Task item: Give back exactly the lines from the one holding "A woman wearing" to the bottom of the material, both included, and nothing more. No pictures.

###

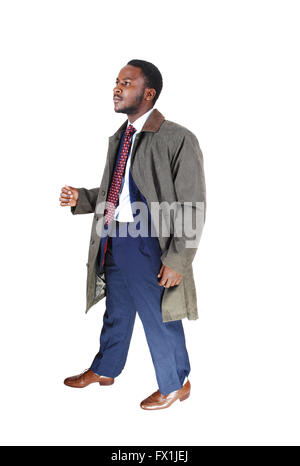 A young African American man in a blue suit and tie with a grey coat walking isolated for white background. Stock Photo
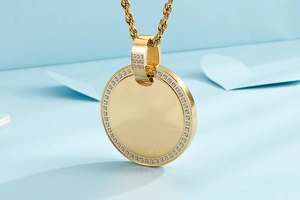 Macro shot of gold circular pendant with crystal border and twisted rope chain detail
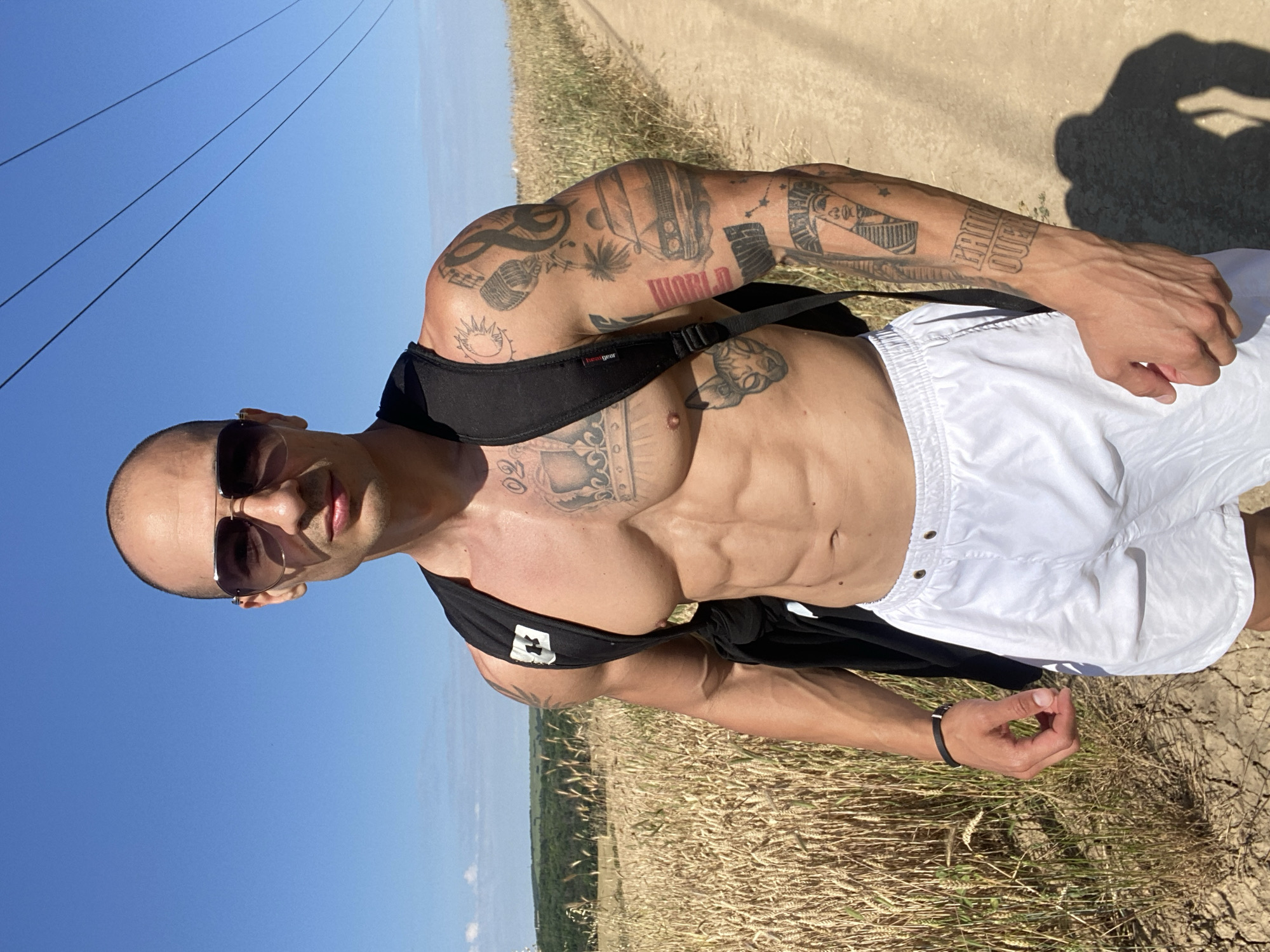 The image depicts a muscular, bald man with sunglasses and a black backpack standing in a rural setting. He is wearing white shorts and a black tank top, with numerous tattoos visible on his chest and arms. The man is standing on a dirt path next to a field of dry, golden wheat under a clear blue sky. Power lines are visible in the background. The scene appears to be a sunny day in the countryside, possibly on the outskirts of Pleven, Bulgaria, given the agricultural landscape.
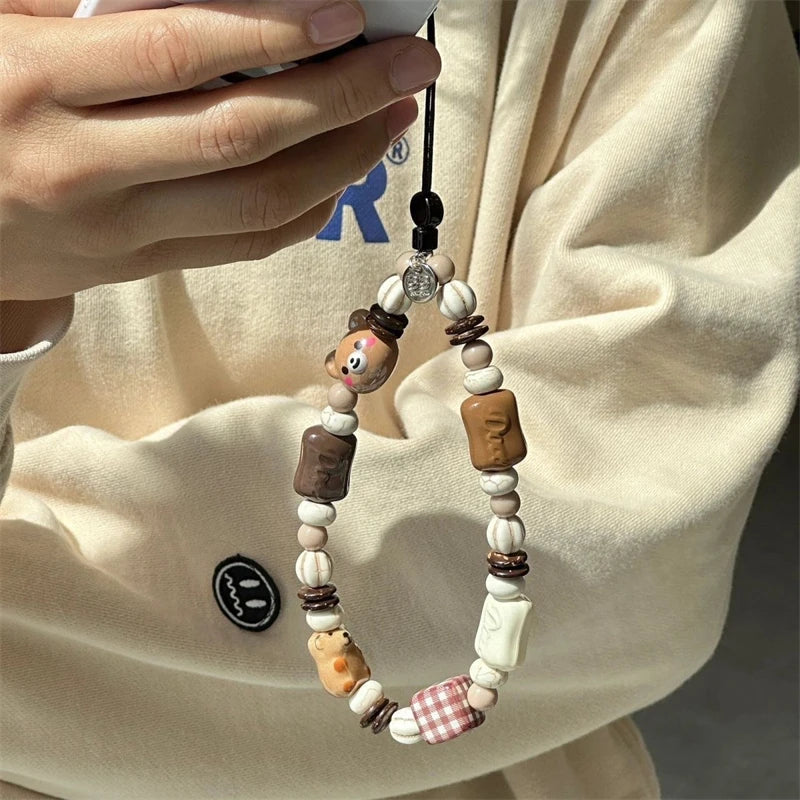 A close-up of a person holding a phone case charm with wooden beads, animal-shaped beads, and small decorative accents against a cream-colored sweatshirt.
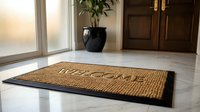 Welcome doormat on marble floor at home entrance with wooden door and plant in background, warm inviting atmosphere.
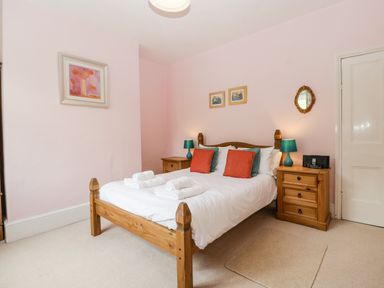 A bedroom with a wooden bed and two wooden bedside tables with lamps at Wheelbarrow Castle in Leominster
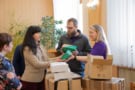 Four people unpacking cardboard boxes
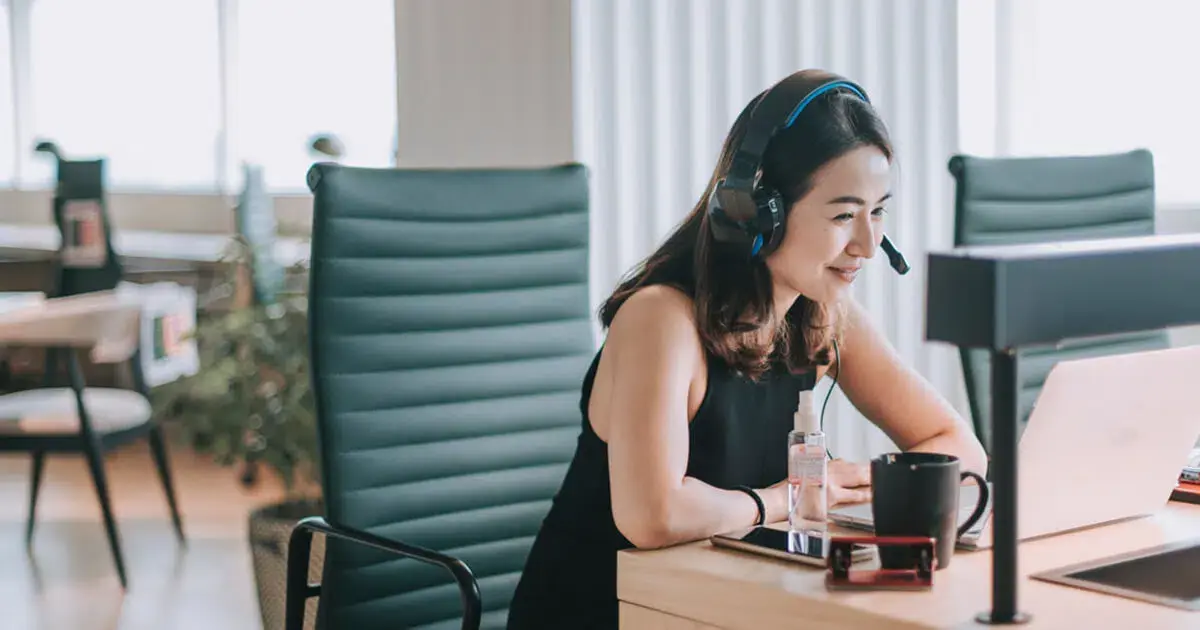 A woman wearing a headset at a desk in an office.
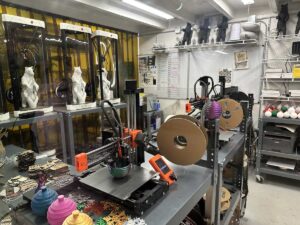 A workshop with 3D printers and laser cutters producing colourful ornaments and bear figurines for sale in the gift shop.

###

Result for this task:
 A woman wearing a headset at a desk in an office.
 A workshop with 3D printers and laser cutters producing colourful ornaments and bear figurines for sale in the gift shop.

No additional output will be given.